Après avoir parcouru les mondes scientifiques, politiques et surtout écologiques dans son chef d’oeuvre Saison Brune, Philippe Squarzoni renoue avec le réel. Prouvant qu’il n’a rien à envier à Frank Miller, le « bd-documentariste » est parti sur la piste du polar noir et lent, celui que le cinéma met rarement en action. Bienvenue dans le Baltimore de David Simon (le créateur de la série The Wire) en 1988, ville parmi les plus violentes des USA et qui compte près de 240 meurtres par an, à l’époque. Nous avons rencontré Philippe Squarzoni.
Bonjour Philippe, après avoir marqué les esprits avec Saison Brune, vous nous revenez dans un tout autre style, à la rencontre de l’univers de David Simon, le journaliste qui a créé la série The Wire.
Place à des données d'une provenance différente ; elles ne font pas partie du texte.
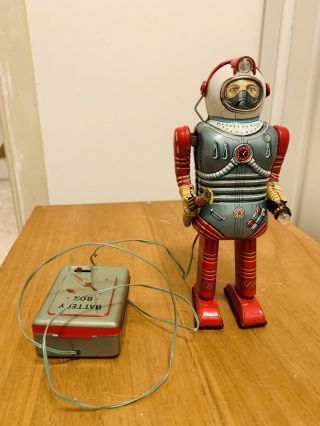 Vintage Nomura Tn Spaceman Astronaut Robot Tin Toy Japan Battery Op Gun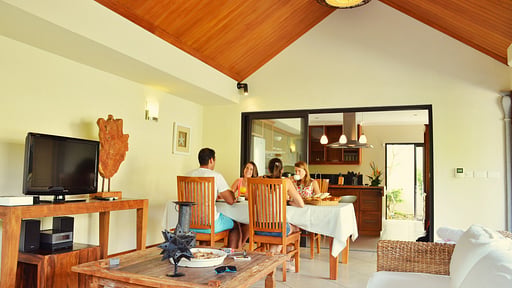 Oasis Villa 2 Dining area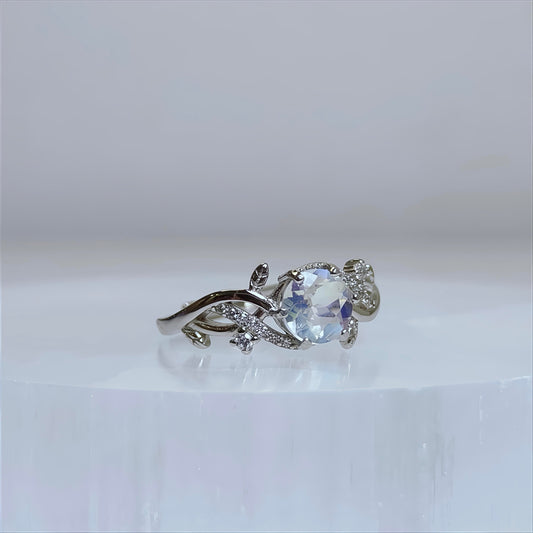 Moonvine | Faceted Moonstone Ring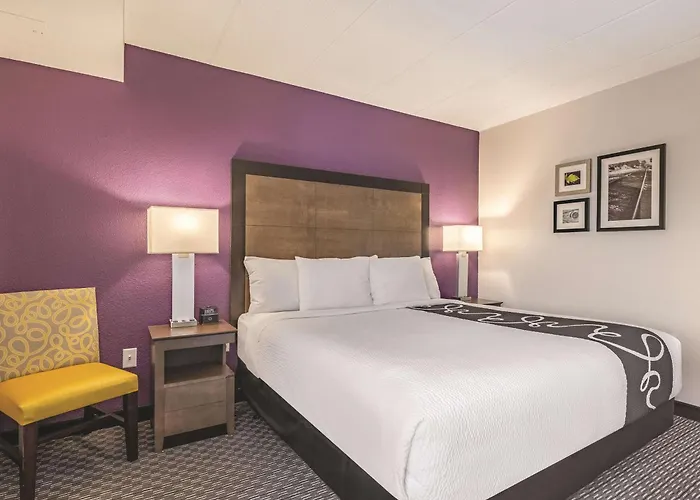 La Quinta By Wyndham Salem Nh Hotel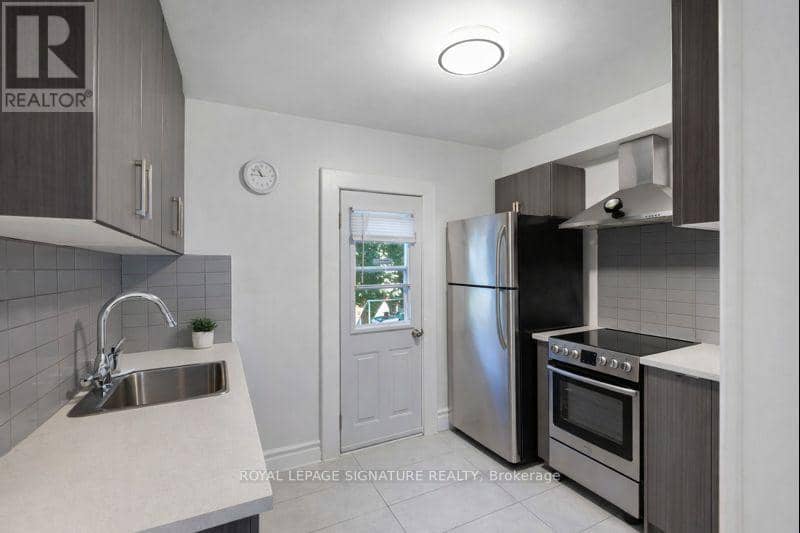 74 Kenilworth Avenue S — photo 5 of 21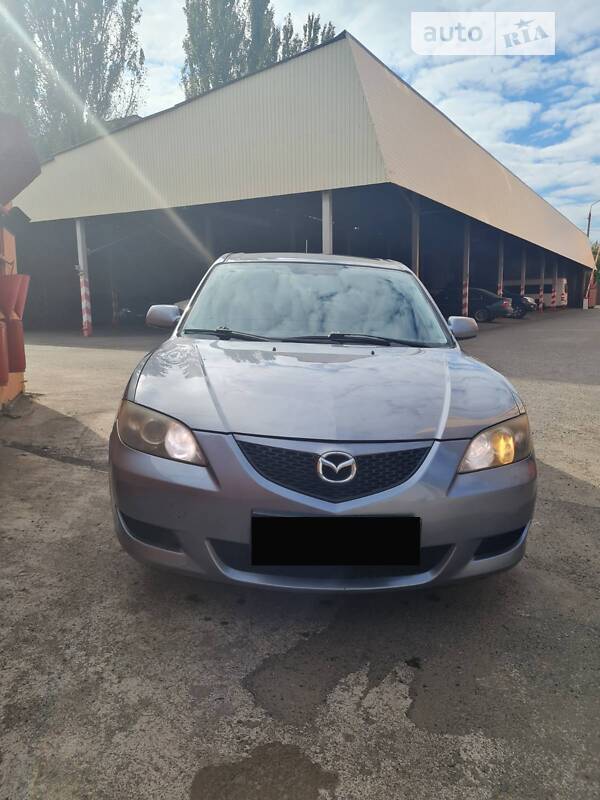 Седан Mazda 3 2004 в Кривому Розі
Comment cela se fait-il?
À l’époque, j’avais dû voir deux ou trois saisons de cette série. Et lors d’un voyage aux États-Unis, j’étais tombé sur son bouquin. Je l’avais laissé un peu de côté, 900 pages en anglais avec des mots d’argot de flics de Boston, c’était un peu dur d’abord! Et quelques années plus tard, en 2010, je me suis lancé. Quel bouquin formidable à la fois sur le contenu que sur le plan du reportage, cette année passée dans le quotidien des flics de Baltimore… Puis, surtout, la langue remarquable de David Simon, son style. À vrai dire, c’est la première fois que j’ai eu ce ressenti, à la fois un coup de coeur tout en allant plus loin: en lisant, je voyais apparaître une bande dessinée, le découpage, les scènes, le type de narration, cette grammaire issue des comics américains… J’imaginais tout cela, mais appliqué à un documentaire, en éliminant la première personne du singulier que j’avais utilisée jusque là. C’était l’occasion de se poser de nouvelles questions.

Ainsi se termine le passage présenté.